┌────────
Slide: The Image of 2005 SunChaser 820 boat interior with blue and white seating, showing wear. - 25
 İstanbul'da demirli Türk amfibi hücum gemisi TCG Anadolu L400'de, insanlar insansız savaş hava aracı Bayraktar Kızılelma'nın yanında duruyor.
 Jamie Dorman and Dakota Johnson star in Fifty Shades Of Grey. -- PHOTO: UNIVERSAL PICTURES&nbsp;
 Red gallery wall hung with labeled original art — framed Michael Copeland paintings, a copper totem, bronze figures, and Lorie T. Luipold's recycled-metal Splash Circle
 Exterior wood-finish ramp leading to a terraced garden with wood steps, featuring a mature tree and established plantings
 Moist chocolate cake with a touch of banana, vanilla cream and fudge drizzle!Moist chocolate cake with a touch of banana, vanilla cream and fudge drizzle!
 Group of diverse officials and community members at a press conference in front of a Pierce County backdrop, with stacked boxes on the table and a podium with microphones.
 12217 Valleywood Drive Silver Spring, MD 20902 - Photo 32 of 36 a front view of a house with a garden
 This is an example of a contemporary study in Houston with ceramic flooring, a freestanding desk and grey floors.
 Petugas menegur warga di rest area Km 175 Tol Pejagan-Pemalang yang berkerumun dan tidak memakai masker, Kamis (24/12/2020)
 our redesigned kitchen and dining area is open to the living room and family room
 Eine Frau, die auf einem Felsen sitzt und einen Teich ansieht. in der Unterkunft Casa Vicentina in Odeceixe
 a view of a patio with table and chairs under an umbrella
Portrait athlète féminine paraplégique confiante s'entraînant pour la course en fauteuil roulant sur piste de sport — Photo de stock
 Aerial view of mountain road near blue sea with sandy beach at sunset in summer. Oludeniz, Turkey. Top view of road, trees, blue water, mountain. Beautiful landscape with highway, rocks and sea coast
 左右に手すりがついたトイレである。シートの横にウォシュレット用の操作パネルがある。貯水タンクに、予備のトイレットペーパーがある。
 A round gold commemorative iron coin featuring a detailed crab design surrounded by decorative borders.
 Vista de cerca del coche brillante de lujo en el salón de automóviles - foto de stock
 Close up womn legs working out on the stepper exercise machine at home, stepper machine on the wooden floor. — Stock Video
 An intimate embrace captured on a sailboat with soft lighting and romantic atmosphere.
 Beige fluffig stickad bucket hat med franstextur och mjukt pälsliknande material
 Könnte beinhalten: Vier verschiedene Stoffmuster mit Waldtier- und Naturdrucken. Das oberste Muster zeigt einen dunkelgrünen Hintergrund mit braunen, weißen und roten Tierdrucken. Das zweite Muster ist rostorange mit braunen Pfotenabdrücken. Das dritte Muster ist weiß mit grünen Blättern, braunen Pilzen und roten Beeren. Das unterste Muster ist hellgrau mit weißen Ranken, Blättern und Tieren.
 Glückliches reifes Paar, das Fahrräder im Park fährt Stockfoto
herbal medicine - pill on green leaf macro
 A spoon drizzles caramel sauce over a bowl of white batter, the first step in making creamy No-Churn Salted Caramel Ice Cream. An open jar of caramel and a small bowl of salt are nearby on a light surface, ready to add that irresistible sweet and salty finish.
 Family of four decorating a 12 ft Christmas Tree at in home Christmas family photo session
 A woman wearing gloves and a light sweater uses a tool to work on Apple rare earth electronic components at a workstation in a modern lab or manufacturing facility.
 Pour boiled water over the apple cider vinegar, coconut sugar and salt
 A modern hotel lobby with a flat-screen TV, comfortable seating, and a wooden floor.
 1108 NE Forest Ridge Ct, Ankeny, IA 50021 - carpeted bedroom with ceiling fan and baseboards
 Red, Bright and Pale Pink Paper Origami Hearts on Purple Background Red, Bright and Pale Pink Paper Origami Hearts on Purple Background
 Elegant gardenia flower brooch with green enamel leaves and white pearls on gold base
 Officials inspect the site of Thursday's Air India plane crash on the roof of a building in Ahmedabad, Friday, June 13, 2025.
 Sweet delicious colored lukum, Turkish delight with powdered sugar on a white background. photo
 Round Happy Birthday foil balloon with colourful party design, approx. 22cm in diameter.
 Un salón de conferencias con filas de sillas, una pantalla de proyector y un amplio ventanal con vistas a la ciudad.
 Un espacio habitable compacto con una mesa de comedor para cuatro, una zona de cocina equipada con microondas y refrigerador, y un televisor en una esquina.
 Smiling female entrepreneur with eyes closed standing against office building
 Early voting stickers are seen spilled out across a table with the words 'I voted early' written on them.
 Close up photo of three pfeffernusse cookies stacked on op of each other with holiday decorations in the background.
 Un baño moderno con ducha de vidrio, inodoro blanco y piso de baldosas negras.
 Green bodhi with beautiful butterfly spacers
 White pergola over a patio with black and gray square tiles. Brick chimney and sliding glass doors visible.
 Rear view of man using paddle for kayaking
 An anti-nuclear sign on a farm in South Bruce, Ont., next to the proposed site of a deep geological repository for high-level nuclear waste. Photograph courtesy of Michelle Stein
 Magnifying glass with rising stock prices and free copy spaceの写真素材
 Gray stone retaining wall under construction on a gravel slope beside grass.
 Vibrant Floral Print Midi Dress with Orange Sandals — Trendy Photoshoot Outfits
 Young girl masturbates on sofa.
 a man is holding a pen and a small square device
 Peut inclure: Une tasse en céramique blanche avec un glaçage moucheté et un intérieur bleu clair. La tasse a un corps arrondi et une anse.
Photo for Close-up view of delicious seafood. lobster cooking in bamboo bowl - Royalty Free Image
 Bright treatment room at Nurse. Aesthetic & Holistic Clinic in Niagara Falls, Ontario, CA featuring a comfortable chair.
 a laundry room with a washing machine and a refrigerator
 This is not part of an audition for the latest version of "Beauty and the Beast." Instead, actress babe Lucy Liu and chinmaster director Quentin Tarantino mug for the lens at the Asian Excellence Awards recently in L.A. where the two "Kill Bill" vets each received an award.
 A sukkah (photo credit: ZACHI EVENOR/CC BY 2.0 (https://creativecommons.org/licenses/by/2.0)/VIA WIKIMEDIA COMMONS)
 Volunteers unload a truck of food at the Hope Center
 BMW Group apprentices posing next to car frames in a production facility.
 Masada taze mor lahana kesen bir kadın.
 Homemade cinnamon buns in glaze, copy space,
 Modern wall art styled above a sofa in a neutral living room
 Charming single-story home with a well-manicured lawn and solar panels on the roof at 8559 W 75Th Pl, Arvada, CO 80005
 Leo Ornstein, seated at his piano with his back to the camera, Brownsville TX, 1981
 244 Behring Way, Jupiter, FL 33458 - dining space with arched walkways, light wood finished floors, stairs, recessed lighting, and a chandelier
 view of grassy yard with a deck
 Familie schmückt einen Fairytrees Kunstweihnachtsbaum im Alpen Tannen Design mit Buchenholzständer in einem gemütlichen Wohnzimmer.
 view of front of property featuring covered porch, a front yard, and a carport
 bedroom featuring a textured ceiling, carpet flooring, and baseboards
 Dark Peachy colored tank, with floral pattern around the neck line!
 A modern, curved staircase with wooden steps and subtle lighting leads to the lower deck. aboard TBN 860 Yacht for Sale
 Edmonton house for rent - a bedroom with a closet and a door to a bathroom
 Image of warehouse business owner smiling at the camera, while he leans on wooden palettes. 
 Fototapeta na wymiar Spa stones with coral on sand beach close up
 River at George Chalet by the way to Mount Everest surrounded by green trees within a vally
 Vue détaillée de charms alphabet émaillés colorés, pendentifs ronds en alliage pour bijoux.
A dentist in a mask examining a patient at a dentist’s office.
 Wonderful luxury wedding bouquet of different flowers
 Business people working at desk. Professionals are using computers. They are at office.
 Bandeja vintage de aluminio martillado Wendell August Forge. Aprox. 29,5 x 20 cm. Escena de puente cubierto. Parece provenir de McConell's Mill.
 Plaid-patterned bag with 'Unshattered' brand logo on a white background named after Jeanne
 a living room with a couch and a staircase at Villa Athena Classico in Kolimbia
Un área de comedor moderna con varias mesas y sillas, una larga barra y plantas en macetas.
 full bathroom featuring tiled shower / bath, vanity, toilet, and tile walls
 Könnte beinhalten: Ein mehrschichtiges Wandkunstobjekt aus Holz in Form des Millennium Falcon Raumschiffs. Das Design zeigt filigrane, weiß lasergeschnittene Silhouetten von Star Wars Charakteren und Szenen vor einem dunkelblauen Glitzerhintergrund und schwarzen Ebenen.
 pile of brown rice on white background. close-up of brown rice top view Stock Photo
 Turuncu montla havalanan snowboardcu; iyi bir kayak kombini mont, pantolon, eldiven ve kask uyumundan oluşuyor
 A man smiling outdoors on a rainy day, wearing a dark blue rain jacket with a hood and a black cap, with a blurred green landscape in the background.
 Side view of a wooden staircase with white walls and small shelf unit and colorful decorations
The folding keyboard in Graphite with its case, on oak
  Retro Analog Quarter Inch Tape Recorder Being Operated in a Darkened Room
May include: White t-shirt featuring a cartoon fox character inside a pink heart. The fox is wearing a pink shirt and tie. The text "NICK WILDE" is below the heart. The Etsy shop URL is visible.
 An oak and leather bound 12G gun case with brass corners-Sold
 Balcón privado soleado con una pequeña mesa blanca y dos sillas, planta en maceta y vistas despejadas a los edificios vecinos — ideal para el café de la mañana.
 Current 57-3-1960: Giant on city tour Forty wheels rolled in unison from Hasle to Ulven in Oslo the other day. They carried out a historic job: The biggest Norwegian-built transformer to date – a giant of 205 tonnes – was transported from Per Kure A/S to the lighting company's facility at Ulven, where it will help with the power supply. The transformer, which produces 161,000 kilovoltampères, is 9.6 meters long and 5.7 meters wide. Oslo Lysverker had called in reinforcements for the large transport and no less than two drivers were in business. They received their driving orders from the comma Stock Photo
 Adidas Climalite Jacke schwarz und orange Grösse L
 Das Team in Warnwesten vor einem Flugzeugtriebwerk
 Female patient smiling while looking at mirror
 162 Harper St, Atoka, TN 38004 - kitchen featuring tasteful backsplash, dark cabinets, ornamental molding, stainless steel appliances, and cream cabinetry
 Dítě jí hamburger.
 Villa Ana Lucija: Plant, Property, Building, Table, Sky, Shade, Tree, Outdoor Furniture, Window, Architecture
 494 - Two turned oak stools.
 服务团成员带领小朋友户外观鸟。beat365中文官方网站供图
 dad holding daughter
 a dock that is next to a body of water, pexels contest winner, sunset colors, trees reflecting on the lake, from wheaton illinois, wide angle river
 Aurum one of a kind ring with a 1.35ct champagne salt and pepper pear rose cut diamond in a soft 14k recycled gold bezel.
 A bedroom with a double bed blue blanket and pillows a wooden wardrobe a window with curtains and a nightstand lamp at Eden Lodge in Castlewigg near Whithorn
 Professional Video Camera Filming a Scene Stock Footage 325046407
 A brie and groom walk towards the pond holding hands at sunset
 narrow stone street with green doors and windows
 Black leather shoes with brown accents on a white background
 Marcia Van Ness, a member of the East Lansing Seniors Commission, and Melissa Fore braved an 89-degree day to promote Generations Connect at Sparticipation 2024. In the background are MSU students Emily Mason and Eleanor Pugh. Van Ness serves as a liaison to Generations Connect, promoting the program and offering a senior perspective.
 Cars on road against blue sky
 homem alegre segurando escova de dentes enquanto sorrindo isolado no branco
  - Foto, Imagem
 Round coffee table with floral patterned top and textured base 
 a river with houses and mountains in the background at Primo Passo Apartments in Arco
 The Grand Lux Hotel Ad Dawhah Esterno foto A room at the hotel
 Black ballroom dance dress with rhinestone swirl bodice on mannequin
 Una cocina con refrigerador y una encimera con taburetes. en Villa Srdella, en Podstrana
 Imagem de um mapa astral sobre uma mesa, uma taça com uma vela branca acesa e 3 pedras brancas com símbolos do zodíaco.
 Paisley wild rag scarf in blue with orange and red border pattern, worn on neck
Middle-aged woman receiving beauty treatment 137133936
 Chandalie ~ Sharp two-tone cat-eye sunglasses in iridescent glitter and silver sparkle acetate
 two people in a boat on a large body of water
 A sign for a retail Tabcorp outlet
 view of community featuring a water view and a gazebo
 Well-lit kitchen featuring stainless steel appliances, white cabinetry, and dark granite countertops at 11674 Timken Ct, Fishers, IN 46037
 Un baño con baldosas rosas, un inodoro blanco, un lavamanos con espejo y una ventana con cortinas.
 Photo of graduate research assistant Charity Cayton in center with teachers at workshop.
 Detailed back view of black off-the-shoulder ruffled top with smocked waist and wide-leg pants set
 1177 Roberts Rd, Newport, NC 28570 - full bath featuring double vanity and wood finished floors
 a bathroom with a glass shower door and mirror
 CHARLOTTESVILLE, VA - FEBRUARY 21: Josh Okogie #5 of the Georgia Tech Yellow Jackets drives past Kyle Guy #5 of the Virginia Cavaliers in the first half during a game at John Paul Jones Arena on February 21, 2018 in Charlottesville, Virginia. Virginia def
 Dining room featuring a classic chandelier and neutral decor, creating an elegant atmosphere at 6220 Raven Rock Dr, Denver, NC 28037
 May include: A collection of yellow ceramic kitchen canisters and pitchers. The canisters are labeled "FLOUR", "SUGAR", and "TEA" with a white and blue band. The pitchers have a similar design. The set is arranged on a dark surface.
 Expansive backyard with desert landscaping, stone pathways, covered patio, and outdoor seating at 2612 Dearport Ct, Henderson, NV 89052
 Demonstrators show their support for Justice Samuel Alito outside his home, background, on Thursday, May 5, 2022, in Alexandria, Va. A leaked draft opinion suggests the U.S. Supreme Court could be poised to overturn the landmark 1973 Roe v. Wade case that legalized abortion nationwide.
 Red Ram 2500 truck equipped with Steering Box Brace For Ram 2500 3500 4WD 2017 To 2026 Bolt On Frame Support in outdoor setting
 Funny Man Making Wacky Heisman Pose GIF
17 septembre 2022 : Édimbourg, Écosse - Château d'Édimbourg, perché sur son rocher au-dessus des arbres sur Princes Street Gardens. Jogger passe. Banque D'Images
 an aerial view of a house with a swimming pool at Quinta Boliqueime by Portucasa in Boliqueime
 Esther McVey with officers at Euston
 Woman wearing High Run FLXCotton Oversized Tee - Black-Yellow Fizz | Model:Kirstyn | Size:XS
└────────
**What is required:** What the task asks for is a word-for-word repeat of the lines above, from the first through the one containing "This is an example".

**Solved exercise:**
Slide: The Image of 2005 SunChaser 820 boat interior with blue and white seating, showing wear. - 25
 İstanbul'da demirli Türk amfibi hücum gemisi TCG Anadolu L400'de, insanlar insansız savaş hava aracı Bayraktar Kızılelma'nın yanında duruyor.
 Jamie Dorman and Dakota Johnson star in Fifty Shades Of Grey. -- PHOTO: UNIVERSAL PICTURES&nbsp;
 Red gallery wall hung with labeled original art — framed Michael Copeland paintings, a copper totem, bronze figures, and Lorie T. Luipold's recycled-metal Splash Circle
 Exterior wood-finish ramp leading to a terraced garden with wood steps, featuring a mature tree and established plantings
 Moist chocolate cake with a touch of banana, vanilla cream and fudge drizzle!Moist chocolate cake with a touch of banana, vanilla cream and fudge drizzle!
 Group of diverse officials and community members at a press conference in front of a Pierce County backdrop, with stacked boxes on the table and a podium with microphones.
 12217 Valleywood Drive Silver Spring, MD 20902 - Photo 32 of 36 a front view of a house with a garden
 This is an example of a contemporary study in Houston with ceramic flooring, a freestanding desk and grey floors.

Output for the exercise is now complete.